Si on peut encore lui reconnaître un certain sens du cadre sur de beaux plans, ceux-ci sont gâchés par un montage de forcené qui les coupe instantanément pour passer au suivant. On a clairement ici affaire à un des pires montages de l’année, si ce n’est de tous les temps, et je l’annonce sans exagération tellement je le pense. Je l’ai écrit plus haut mais c’est un florilège de faux raccords tous plus visibles les uns que les autres, de cuts immondes et d’un enchainement de plans qui n’ont strictement aucune logique cinématographique, voire même aucune logique tout court (il semblerait bien que la téléportation existe dans le monde de 6 Underground, tout comme le séchage instantané des vêtements mouillés – des exemples parmi tant d’autres). Il en ressort un sentiment de total non-respect du spectateur qui est clairement pris pour un demeuré ne demandant que des explosions et des fusillades, et même vis-à-vis du film en lui-même, puisque personne ne semble s’être donné la peine d’en faire quelque chose d’un minimum cohérent et soigné. Désolé pour l’expression, mais c’est clairement celle qui ressort tout au long des deux heures de film : tout n’est que foutage de gueule.

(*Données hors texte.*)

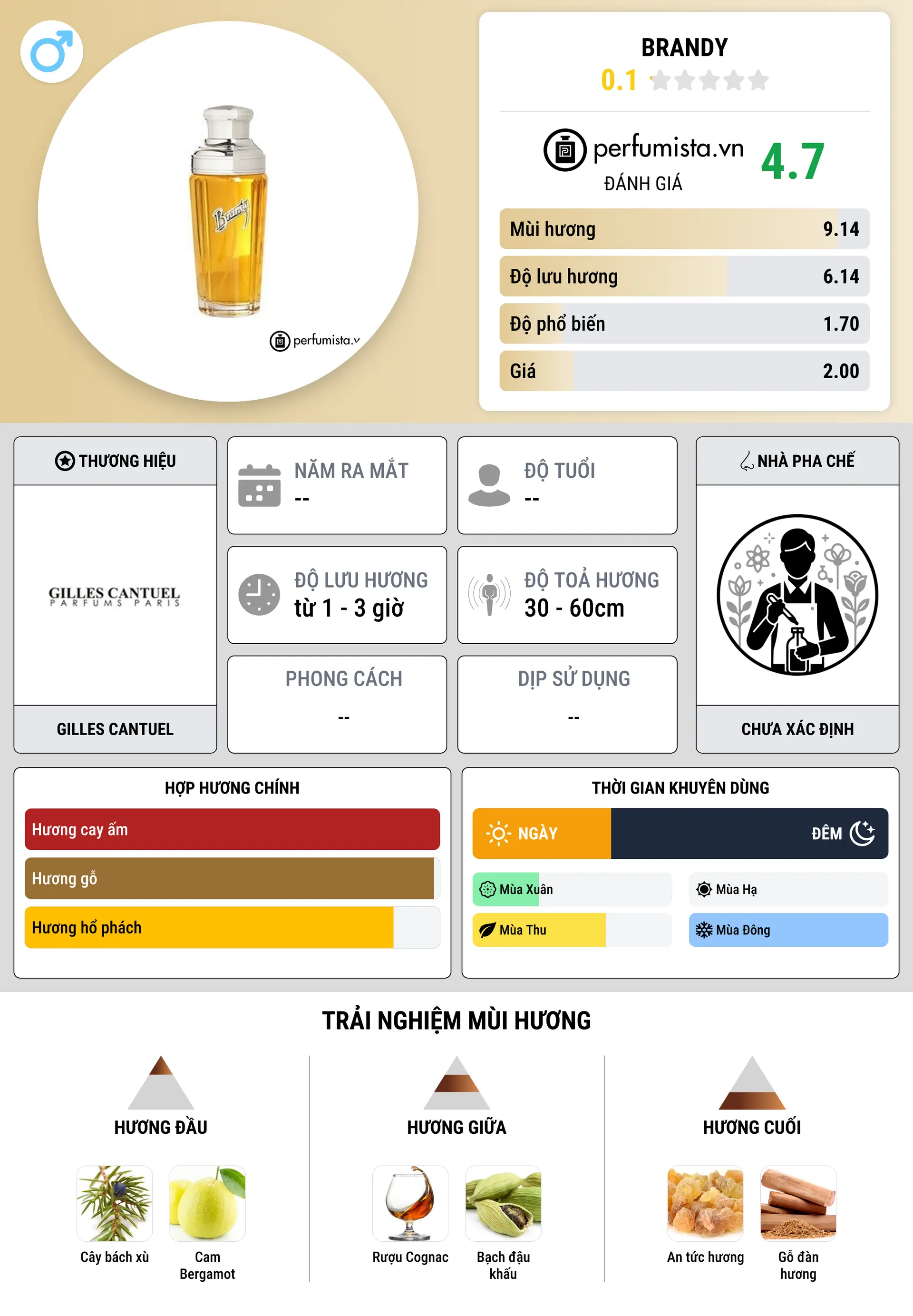 Thông tin chi tiết Brandy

Aucun personnage n’est étoffé, la plupart sont même ridicules malgré un casting alléchant sur le papier, le pauvre Ryan Reynolds est désemparé dans son rôle creux et n’arrive pas à sortir la tête hors de l’eau de ce naufrage, c’est dire. On est au niveau -2 du scénario, et encore…

Je pourrais continuer à descendre en flèche le film pendant des heures tellement il a de défauts, mais cela n’en vaudrait pas la peine. Netflix a laissé Michael Bay en totale roue libre pour faire joujou avec un gros budget, et c’est une erreur monumentale. Qu’un film soit raté pour X ou Y raison, qu’il soit un peu stupide sur les bords et qu’il ne plaise pas à tout le monde,  je l’accepte volontiers, et je suis moi aussi capable de parfois mettre mon cerveau de côté pour profiter d’un bon film d’action. Mais là, quand il n’y a aucune volonté à quelque niveau que ce soit de faire quelque chose d’un minimum honnête, et que la seule optique est de prendre le spectateur pour un jambon, je ne peux que désapprouver et conseiller à tout le monde de fuir ce film.

Et probablement tous les suivants de Michael Bay.